According to Henkel, he wrote the character as one who assumes the persona of the person whose face he wears: "The confused sexuality of the Leatherface character is complex and horrifying at the same time," he said in a 1996 interview. Film scholar Scott Von Doviak also took note of this, likening Leatherface's presentation in the film to that of a "tortured drag queen." Jacks himself stated that Leatherface is "much more subjugated in this one than in the other films. It's shown in this that he really is tortured in many ways, not specifically by any of the other characters, but also by whatever is own malady is."

Henkel also commented that there are "strange sexual things that go on [in the screenplay]—not only Darla and Vilmer of course, but Darla and Jenny as well."

==Legacy==
In the years since its release, Texas Chainsaw Massacre: The Next Generation has gone on to develop a cult following. Literary critic John Kenneth Muir wrote in Horror Films of the 1990s (2011) that the film's dark humor "works" and that its conspiracy angle "breathes new life into a familiar story, and the performances, especially by McConaughey and Zellweger, are strong. Additionally, the movie evidences a sharp wit, and there's even a sense of homage too, to franchise history."

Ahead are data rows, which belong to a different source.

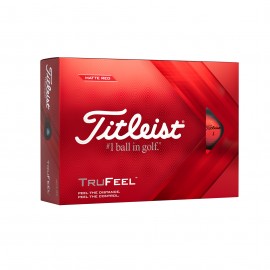 Titleist TruFeel Matte Red 2022 golfové míčky červené, 12 ks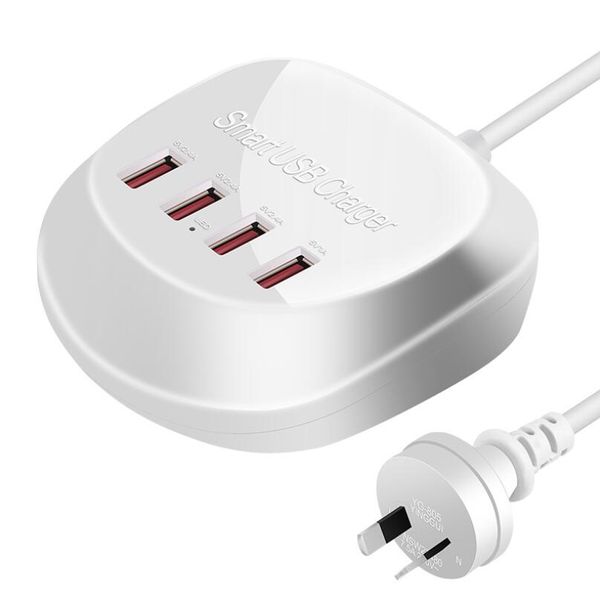 Chargeur mural USB Multiple 20W, 4 Ports, adaptateur de voyage, prise USB, chargeur de téléphone de bureau, prise EU US AU royaume-uni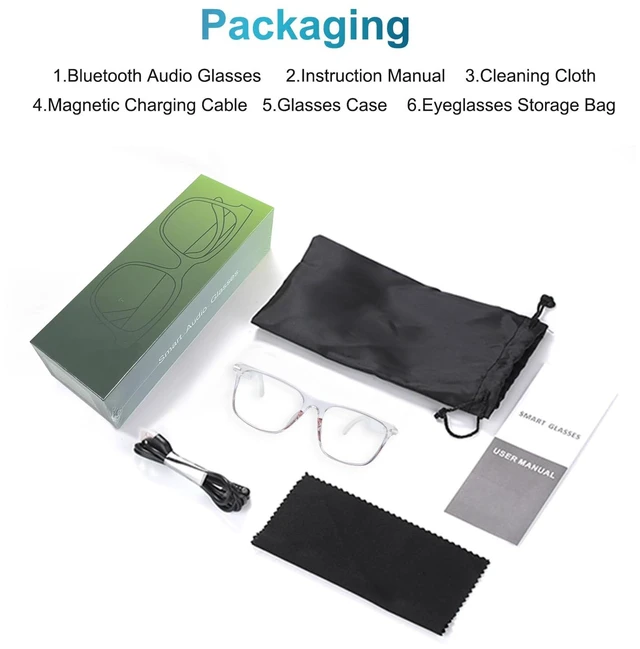 Alt view image 6 of 7 - Bluetooth Smart Glasses for Women with Open-Ear Speakers, Pink Frame Color-changing lenses provide visual comfort with a stylish frame design for shopping, office use, travel and daily lifestyle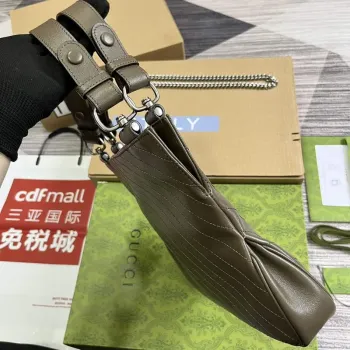 Gucci 751518 Gucci Blondie Small Tote Bag Brown Leather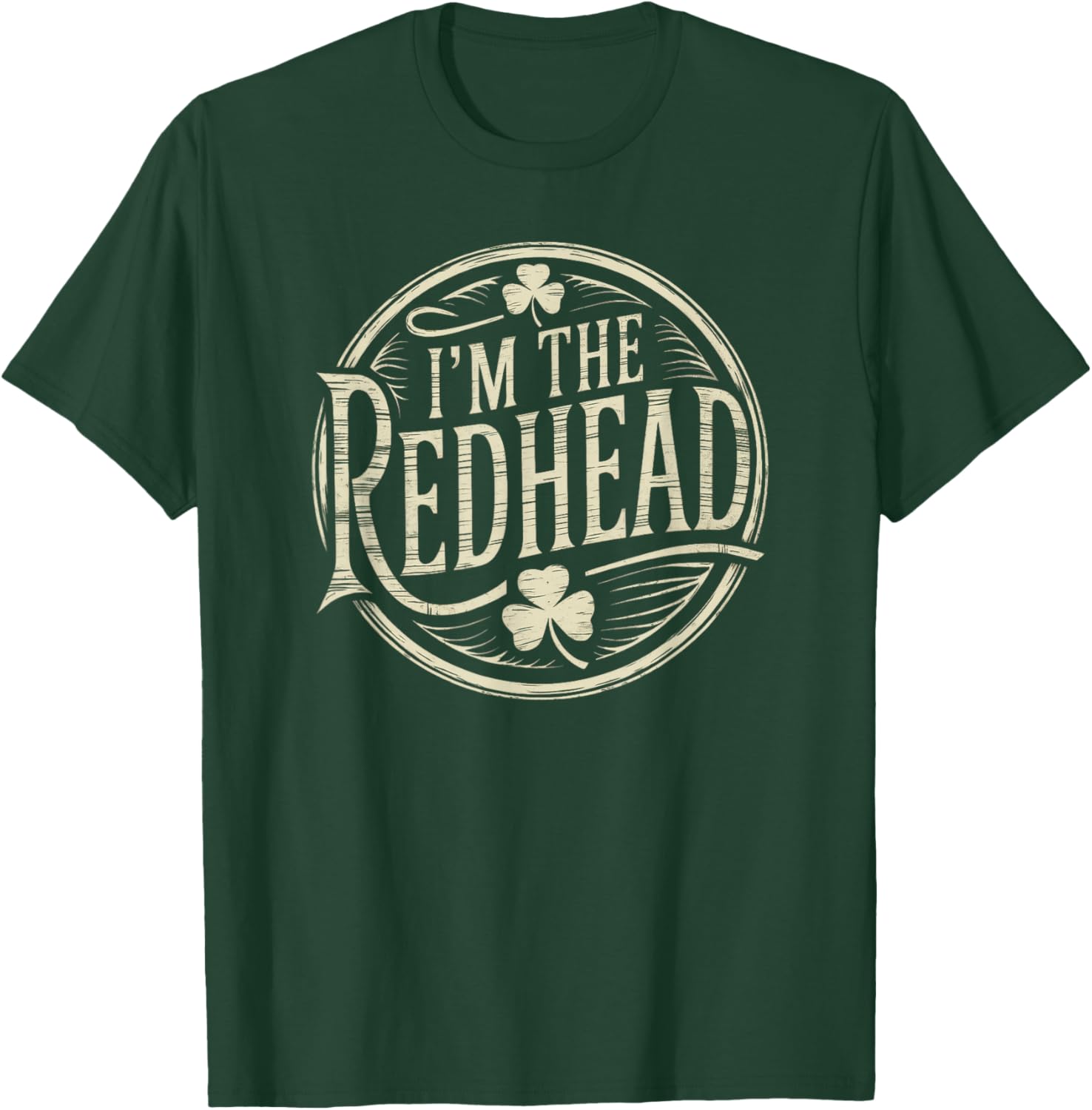 Funny I'm The Redhead Irish Clover St Patricks Day T-Shirt for Women - 11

Writing in a 2017 retrospective for Bloody Disgusting, Chris Vander Kaay notes that the film's secret society subplot serves as a precursor to Pascal Laugier's horror film Martyrs (2008), which features a similar plot in which individuals are tortured by a secret cabal for "spiritual" purposes. Several other contemporary critics have observed that a similar plot twist is repeated in the film The Cabin in the Woods (2011).

A clip from the film is featured in the 2002 drama film White Oleander, in which Zellweger portrays a former actress who is a foster parent; in the film, her character shows a scene from Texas Chainsaw Massacre: The Next Generation to her foster daughter as an example of one of her acting credits.

==Related works==

The Return of the Texas Chainsaw Massacre was the last entry in the Texas Chainsaw Massacre franchise until the series was rebooted in 2003 with The Texas Chainsaw Massacre, a direct remake of the original 1974 film. The 2003 remake was followed by a prequel, The Texas Chainsaw Massacre: The Beginning (2006). In 2013, another direct sequel to the 1974 film, Texas Chainsaw 3D, was released, followed by the prequel Leatherface (2017). In 2022, another alternative sequel to the 1974 film, titled Texas Chainsaw Massacre, was released by Netflix, marking the ninth film in the franchise.

Brian Huberman, a British filmmaker and associate professor at Rice University, directed a documentary on the film's set during its production, titled The Return of the Texas Chainsaw: The Documentary (1996). Though never officially released on home media, the documentary aired on Austin Community Access Cable Television on June 7, 1997. In 2016, Huberman made the documentary available for streaming on his official website.